Saturday, March 28, 2009

Book Review: The Wednesday Letters



I stumbled upon this book while in Walmart browsing . It was late in the evening and I had no whining children with me. I had intended to read another few chapters of John and Kate G's book about their 8 children - twins and sextuplets - like I had last time I shopped at Walmart alone. Alas, that book was gone.

This book looked interesting and it was billed as a "New York Times bestseller," so the next time I was at the library, I picked it up. Perhaps it is just me. I seem to be having trouble getting into books over the last few months. I'm fine once I'm midway through, but the first half feels like plowing snow. I thought I could blame this on a heavy dose of multiple non-fiction titles which I have been trying to tackle all at once (they are all compelling, but I seem to pick them up and put them down and pick up another - at the moment I am concurrently reading one on depression, one on premenopause, and another on mothering, plus I have one on Omega-3 waiting in the wings). However, I found this novel followed the same pattern.

I thought the first half of the book felt a bit stiff and stilted. The characters didn't really jump to life for me. The conflict didn't tug me in. I read the first thirteen chapters in about six different sittings. However, once I got to chapter 14, I read the last half of the book in one sitting. I still believe the characters could have been developed more fully, so that the reader felt more of a connection and concern for them. I still think a more involved explanation of the characters and setting would have strengthened the first half of the book.

However, the best part of the book truly is in the second half. Once you reach that point, you begin to piece together more of the background story. You begin to enter into the really compelling part of this book - the lesson of the strength of love and the power of forgiveness.

I found myself wondering if I had what it takes to write a letter to my spouse once a week. I doubt my spouse would want me to write him a letter each week (he prefers face-to-face interaction). If I did, I certainly wouldn't send them - although it wouldn't be a stretch to think that I would keep the stash of them.

I know when my first son was born, I decided to keep a journal addressed to him, with the intent of sharing it with him when he was older or when I was no longer around. However, even though I enjoy writing, I didn't manage to keep up with the task. His journal is short and the two little boys don't even have any journals addressed to them. I'm afraid if I started one for my MS, it would be repetitive entries of "Today you are driving me insane. I don't think you can be quiet for one moment's time. I am really beginning to hate my name because you use it incessantly. I love you dearly, but deary, could you give me some space!"
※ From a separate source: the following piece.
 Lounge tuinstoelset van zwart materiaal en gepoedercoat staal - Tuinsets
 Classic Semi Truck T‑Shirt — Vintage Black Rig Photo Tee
Hopefully, my blog will serve those purposes that my journal couldn't. However, I doubt I will drop any big secrets or tales of family trauma here. Things like that would have to be reserved for private addresses and even then, I wouldn't know whether it would really be beneficial for my sons to read something like that later in life.

It would be interesting to hear whether any of my readers follow through with this sort of thing. Do you write a journal to your children or regular letters to your spouse? Do you reveal things that you might not share otherwise? Do you have a special place that you store these letters? Even more interesting, has anyone ever stumbled upon secret letters of this sort and gained a glimpse into someone else's life?
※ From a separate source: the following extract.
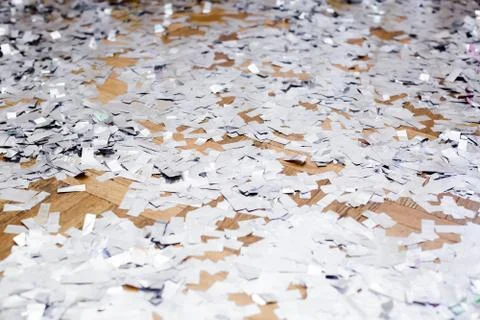 Silver confetti on the floor Foto stock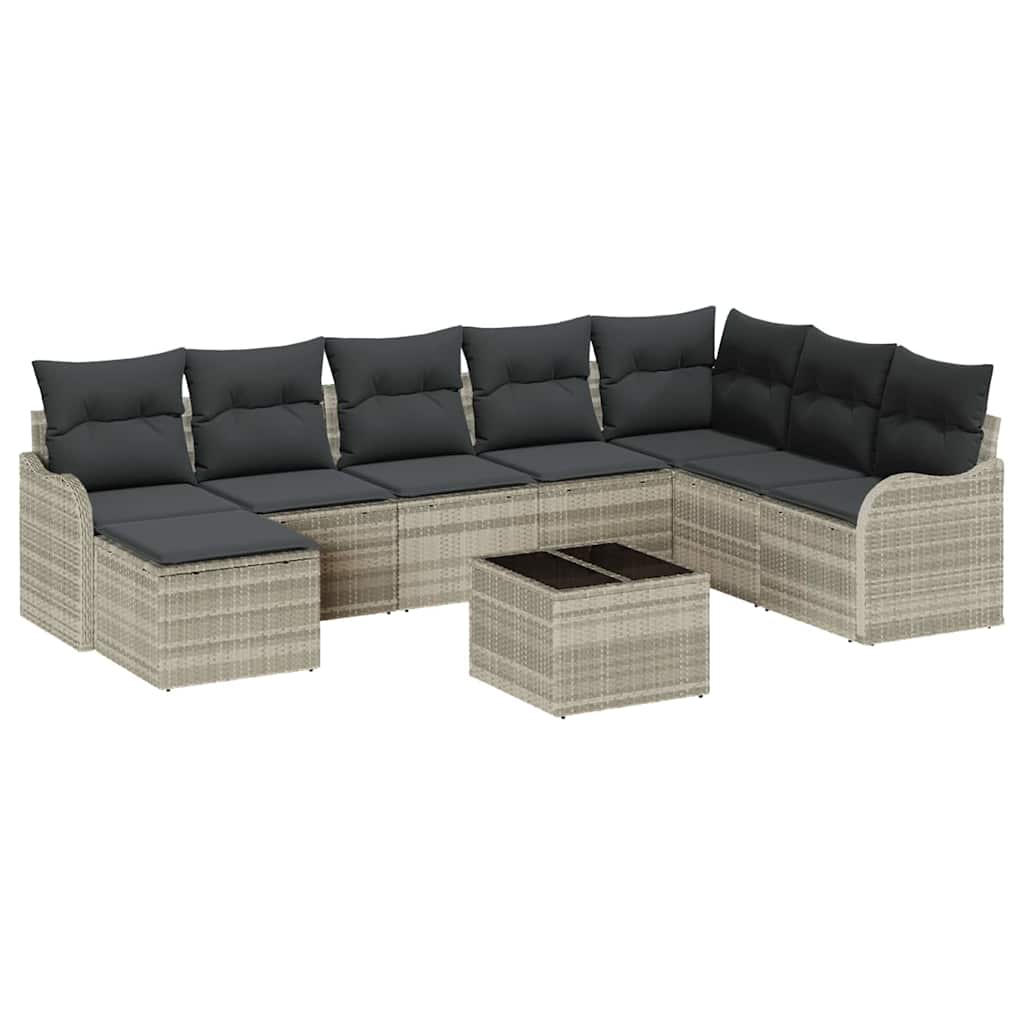 Garden Sofa Set Light Grey Poly Rattan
I do recall finding a scrap of paper in one of my mother's books one day when I was a pre-teen or teen. I remember reading it and feeling like I was violating her personal space, reading something she had not written with my eyes in mind. I'm quite certain she wrote with nobody's eyes in mind. She wrote to vent her frustrations.

This particular scrap outlined a day when my father was late getting home from the church office. She ended up feeding us kids (were there four or five of us at the time? I don't know?) and not even eating anything herself. She was feeling the weight of shouldering the intense mother role (something I can now relate to quite clearly). At the time, though, I think I realized for the first time that we were quite a handful and steering our boatload of children wasn't exactly a grand job.
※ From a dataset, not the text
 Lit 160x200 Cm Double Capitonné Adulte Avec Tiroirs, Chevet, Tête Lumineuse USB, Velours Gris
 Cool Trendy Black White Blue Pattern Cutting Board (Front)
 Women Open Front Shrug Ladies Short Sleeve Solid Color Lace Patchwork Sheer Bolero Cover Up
Am I glad I stumbled upon that paper? You bet, because now I can look back on it and acknowledge that my own mother struggled with her mothering role as well. My own mother also wearied under the constant driving needs of small children. And, even better news, she weathered the storm. We all survived. Some of us even flourished. This was another thing I took away from Jason Wright's book: Without God in the boat, helping us weather the storms and manage the forgiveness, we might literally sink.